Collected data entries:
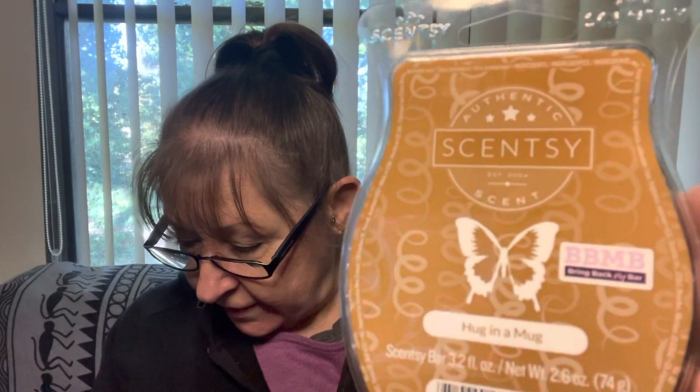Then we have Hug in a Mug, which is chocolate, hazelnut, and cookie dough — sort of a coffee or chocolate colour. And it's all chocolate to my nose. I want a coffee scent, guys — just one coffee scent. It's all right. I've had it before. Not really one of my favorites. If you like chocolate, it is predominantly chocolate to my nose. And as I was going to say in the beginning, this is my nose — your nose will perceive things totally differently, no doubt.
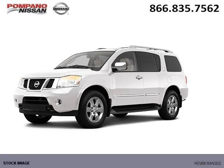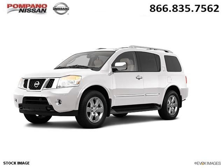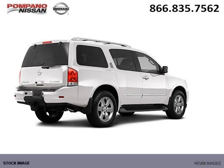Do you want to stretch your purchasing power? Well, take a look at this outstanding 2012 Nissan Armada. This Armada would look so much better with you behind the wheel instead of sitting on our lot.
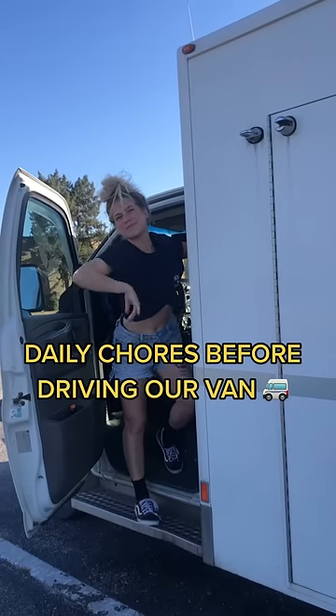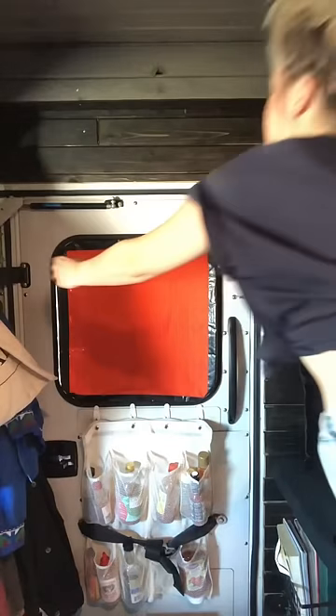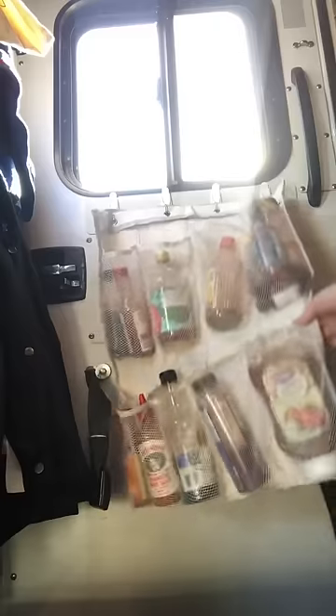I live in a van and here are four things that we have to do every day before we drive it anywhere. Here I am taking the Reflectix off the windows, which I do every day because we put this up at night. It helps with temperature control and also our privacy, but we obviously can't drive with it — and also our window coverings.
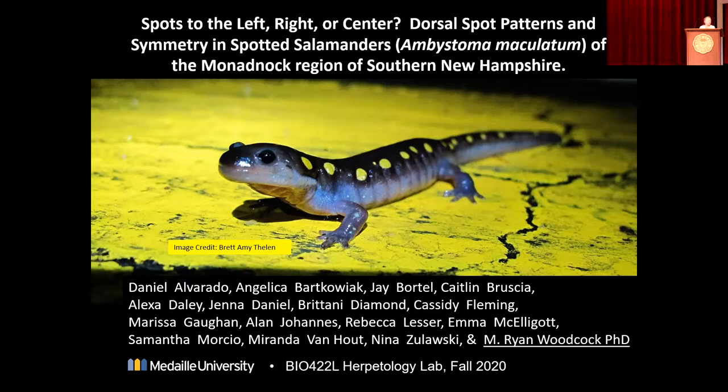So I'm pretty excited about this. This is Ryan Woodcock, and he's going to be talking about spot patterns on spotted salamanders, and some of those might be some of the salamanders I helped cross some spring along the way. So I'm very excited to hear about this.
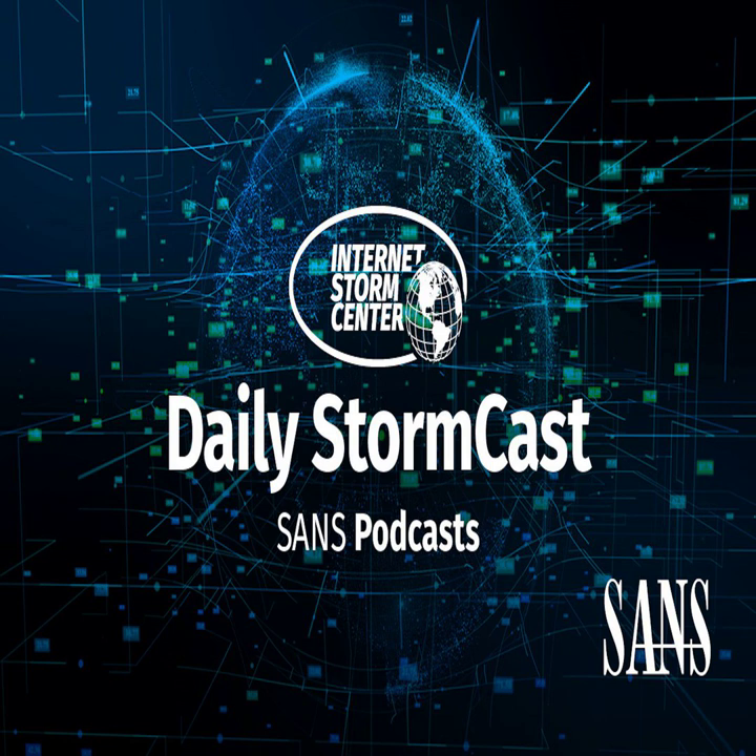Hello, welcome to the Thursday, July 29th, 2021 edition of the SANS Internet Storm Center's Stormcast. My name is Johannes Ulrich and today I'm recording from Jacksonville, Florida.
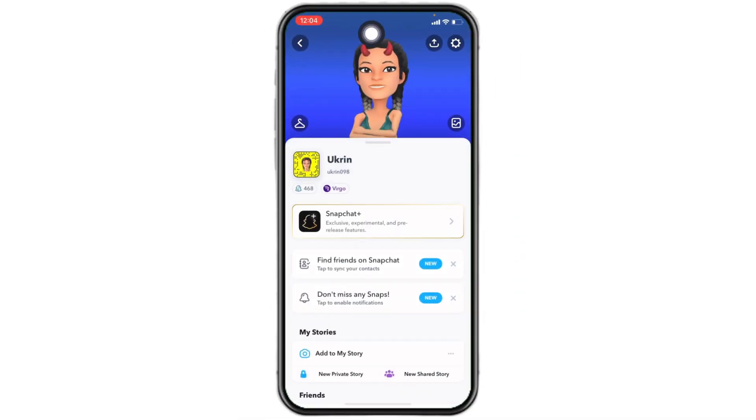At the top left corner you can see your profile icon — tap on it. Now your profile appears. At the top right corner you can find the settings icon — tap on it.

* EXERCISE PROMPT *
Only the lines from the first line of the data above through the line with "I live in a" should appear in the answer, retyped exactly, with every picture left out.

* EXERCISE OUTPUT *
Then we have Hug in a Mug, which is chocolate, hazelnut, and cookie dough — sort of a coffee or chocolate colour. And it's all chocolate to my nose. I want a coffee scent, guys — just one coffee scent. It's all right. I've had it before. Not really one of my favorites. If you like chocolate, it is predominantly chocolate to my nose. And as I was going to say in the beginning, this is my nose — your nose will perceive things totally differently, no doubt.
Do you want to stretch your purchasing power? Well, take a look at this outstanding 2012 Nissan Armada. This Armada would look so much better with you behind the wheel instead of sitting on our lot.
I live in a van and here are four things that we have to do every day before we drive it anywhere. Here I am taking the Reflectix off the windows, which I do every day because we put this up at night. It helps with temperature control and also our privacy, but we obviously can't drive with it — and also our window coverings.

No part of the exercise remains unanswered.